Fofoulah FOFOULAH
[Uscita: 19/09/2014]
Gran Bretagna-Senegal # Consigliato da Distorsioni
Il sabar è una percussione tradizionale dei griot del popolo wolof, diffusa fra Senegal e Gambia, capace per la particolare risonanza delle sue membrane di farsi udire a chilometri di distanza, era usata anche come mezzo per comunicare. Il suono potente, secco, frenetico del sabar è l’elemento ritmico intorno a cui nascono le nove composizioni del disco. E che il ritmo sia al centro della musica dei Fofoulah non sorprende se consideriamo che a produrlo è lo stesso batterista del gruppo Dave Smith, già nei Juju e nella band di Robert Plant. Ma ovviamente c’è anche molto altro, perché la musica dell’ensemble è il risultato delle differenti esperienze musicali e culturali dei musicisti coinvolti. I membri stabili dei Fofoulah sono cinque: Dave Smith, Kaw Secka al sabar, Tom Challenger (Red Snapper) al sax e tastiere, Phil Stevenson alla chitarra e Johnny Brierley al basso, ma molti sono gli ospiti nel disco, il cantante senegalese Batch Gueye in quattro brani, la cantante algerina Iness Mezel, il rapper inglese Ghostpoet e il gambiano Juldeh Camaraal al ritti, violino a una corda tradizionale del Centro Africa. Un ensemble multietnico espressione di una città, Londra, luogo di intrecci fra culture e popoli diversi.

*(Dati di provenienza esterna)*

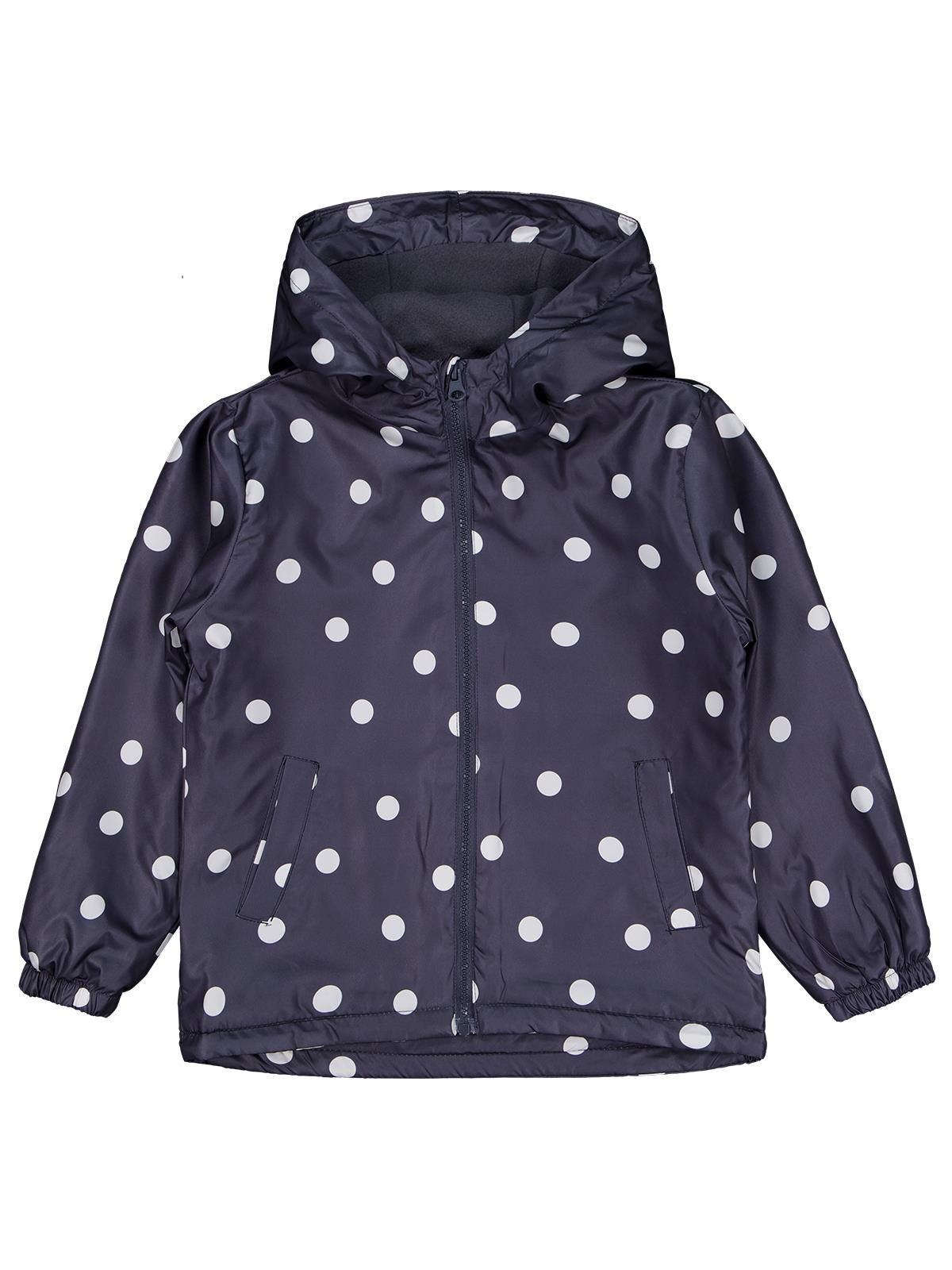 Civil Girls Polarlı Puan Baskılı 6-9 Yaş Yağmurluk - Gri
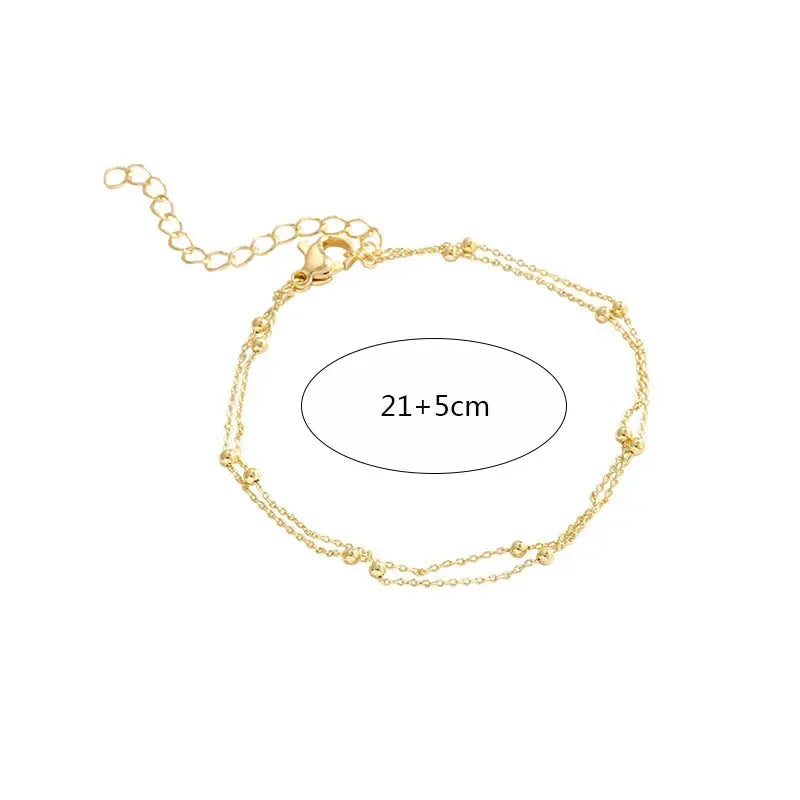 Trendy Doppel Schichten Kleine Runde Perlen Armband frauen Hand Armbänder Gold Farbe Kette Einfache Weibliche Ball Armband Schmuck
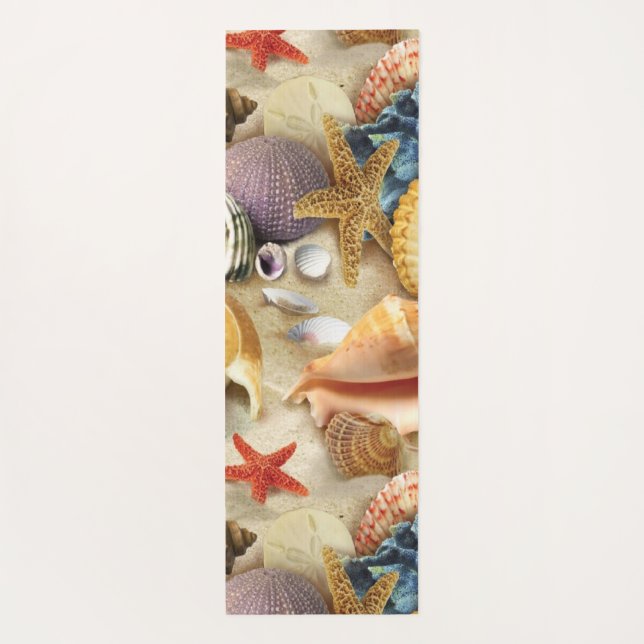 Sea shells on beach yoga mat (Back)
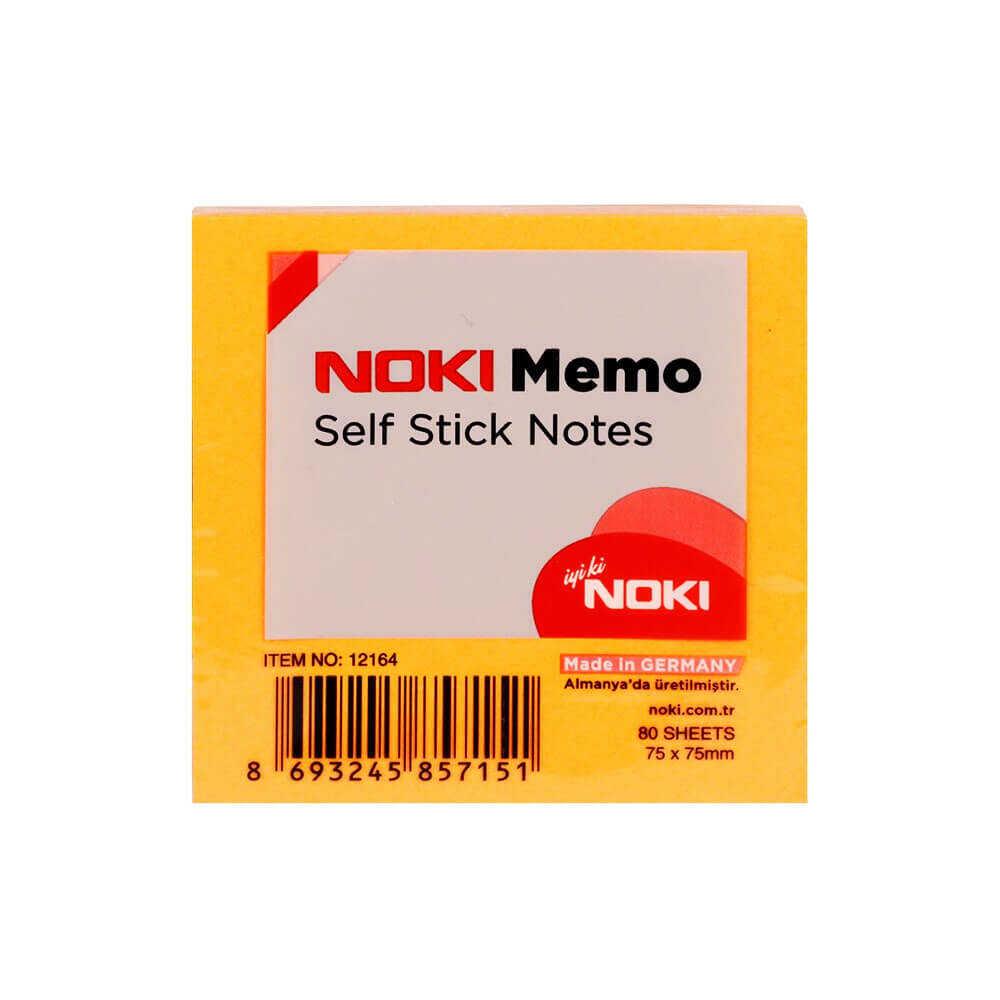 Noki Yapışkanlı Not Kağıdı 75x75 mm Memo Orange 80 Yaprak (12 Li Paket)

“Fofoulah” è un disco pieno di vita, dinamico, esuberante, incontro fra le radici dei ritmi dell’Africa Occidentale e i suoni metropolitani del dub, le sue linee di basso dilatano i tempi, creano trame sonore originali, una musica da ascoltare e da danzare secondo ritmi meticci. In alcuni momenti sembrano ricordare il dub mediterraneo dei nostri primi Almamegretta, come in Make Good (Soumala). No Troubles (Kelinte) apre l’album innestando su rimi afro e un groove trascinante il suono di un organo fantasmagorico e coloratissimo, Reality Rek impreziosito dalla voce di Batch Gueye in dialogo con un sassofono notturno e sincopato è brano suggestivo venato di malinconia, in Don’t Let Your Mind Unravel, Safe Travel l’hip hop combina perfettamente con i ritmi lenti e le chitarre evocative, Michael Franti o Gil Scott-Heron in viaggio nel continente nero., L’atmosfera complessiva del disco convince e avvince, sintesi di storie e tradizioni diverse, afro, dub, jazz, hip hop, funky, rilette con gli occhi e le orecchie rivolti all’attuale scena metropolitana. E’ un sound che certamente trova nel live la sua dimensione più esplosiva e trascinante, ma ottimo anche per essere ascoltato dal vostro stereo, alto volume e pigiando sui bassi.